Genetic ablation of spinal cord cells along the body axis results in a reduction in tail tissue elongation. (A) Representative images of ATS3:GAL4; UAS:GFP embryos and ATS3:GAL4;UAS:GFP;UAS:Kid embryos. Embryos were immunostained for GFP and activated Caspase 3. There is a clear reduction in GFP signal in embryos that have the UAS:Kid construct compared to those that do not. Insets show a clear increase in activated Caspase 3 in the spinal cord of UAS:Kid embryos. (B) Quantification of the relative number of Caspase 3-positive cells in a given region of the spinal cord in embryos with and without UAS:Kid shows that Kid toxin causes apoptosis in 16% of the spinal cord. (C) Representative examples of embryos at 30 hpf stained for nuclei and actin. ATS3:Kid embryos have a notable dorsal bend in the body axis compared to controls. The notochord is often kinked in the tail (asterisk). (D) Total somite counts shows no significant difference between ATS3:Kid and ATS3:GFP embryos. (E,F) Spinal cord length (E) and paraxial mesoderm length (F), measured from the 22nd somite, relative to total somite number, both show a significant decrease in ATS3:Kid embryos compared to ATS3:GFP controls. (G) The decrease in paraxial mesoderm length is consistent across all the tail somites. (H) Spinal cord length relative to mesoderm length from the 22nd somite shows that spinal cord elongation is more affected than paraxial mesoderm elongation in ATS3:Kid embryos. ATS3:Kid, n=20; ATS3:GFP, n=20. Conditions were compared using Mann–Whitney-Wilcoxon test. **P≤0.01; ***P≤0.001; ****P≤0.0001. ns, not significant. Relative length has units µm/somite.

Fig. 8.

Ablation of tail spinal cord cells leads to a reduction in tail tissue elongation. (A,B) Schematic (A) and representative images (B) of the location of the spinal cord ablations (orange area) at the 14-somite stage. The ablations were performed in the spinal cord at the embryonic midline anterior to the notochord progenitors. (C) Number of nuclei in the ablation ROI prior to ablation showing a comparable number of nuclei ablated to other ‘size 1’ ablations. (D) Representative examples of embryos at 30 hpf stained for nuclei and actin.

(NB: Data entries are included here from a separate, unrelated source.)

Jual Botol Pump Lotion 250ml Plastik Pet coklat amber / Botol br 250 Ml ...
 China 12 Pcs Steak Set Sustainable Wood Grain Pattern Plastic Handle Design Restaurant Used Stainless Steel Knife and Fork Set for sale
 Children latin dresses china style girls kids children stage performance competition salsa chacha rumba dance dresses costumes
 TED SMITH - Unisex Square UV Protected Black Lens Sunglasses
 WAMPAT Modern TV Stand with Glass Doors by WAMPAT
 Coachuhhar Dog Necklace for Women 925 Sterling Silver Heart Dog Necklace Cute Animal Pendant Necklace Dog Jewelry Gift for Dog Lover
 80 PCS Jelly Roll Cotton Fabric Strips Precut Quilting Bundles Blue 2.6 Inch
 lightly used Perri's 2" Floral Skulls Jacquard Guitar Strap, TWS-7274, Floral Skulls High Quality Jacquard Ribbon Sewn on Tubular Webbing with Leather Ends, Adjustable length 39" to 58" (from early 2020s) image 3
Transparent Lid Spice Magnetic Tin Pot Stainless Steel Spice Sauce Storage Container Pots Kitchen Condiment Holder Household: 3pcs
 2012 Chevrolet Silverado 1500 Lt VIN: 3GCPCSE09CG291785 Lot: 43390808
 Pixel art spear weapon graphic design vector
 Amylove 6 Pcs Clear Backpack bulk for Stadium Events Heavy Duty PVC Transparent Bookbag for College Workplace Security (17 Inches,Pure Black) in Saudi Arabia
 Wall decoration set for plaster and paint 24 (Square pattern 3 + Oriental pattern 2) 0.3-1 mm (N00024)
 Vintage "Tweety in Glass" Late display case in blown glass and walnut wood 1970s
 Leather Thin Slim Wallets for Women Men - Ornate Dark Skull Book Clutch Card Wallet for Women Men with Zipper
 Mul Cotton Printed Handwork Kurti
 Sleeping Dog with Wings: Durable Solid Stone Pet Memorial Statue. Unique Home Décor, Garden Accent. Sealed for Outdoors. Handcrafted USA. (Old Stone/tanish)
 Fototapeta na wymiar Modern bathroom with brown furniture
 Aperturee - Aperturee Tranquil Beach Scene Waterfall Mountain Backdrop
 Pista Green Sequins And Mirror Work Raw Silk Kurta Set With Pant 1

There is dorsal bending of the anterior part of the tail following spinal cord ablation. (E) Total somite counts are comparable between control and ablated embryos. (F,G) Spinal cord length (F) and paraxial mesoderm length (G) measured from the 22nd somite and relative to total somite number, both show a significant decrease in length in ablated embryos compared to controls. (H) Average somite length is prominently decreased in the anterior somites of ablated embryos compared to controls. (I) Spinal cord length relative to mesoderm length from the 22nd somite shows that there is a significantly greater reduction in spinal cord length compared to paraxial mesoderm length. Control, n=9; ablated, n=9. Conditions were compared using Mann–Whitney-Wilcoxon test. *P≤0.05; **P≤0.01; ns, not significant. Noto, notochord; SC, spinal cord. Relative length has units of µm/somite.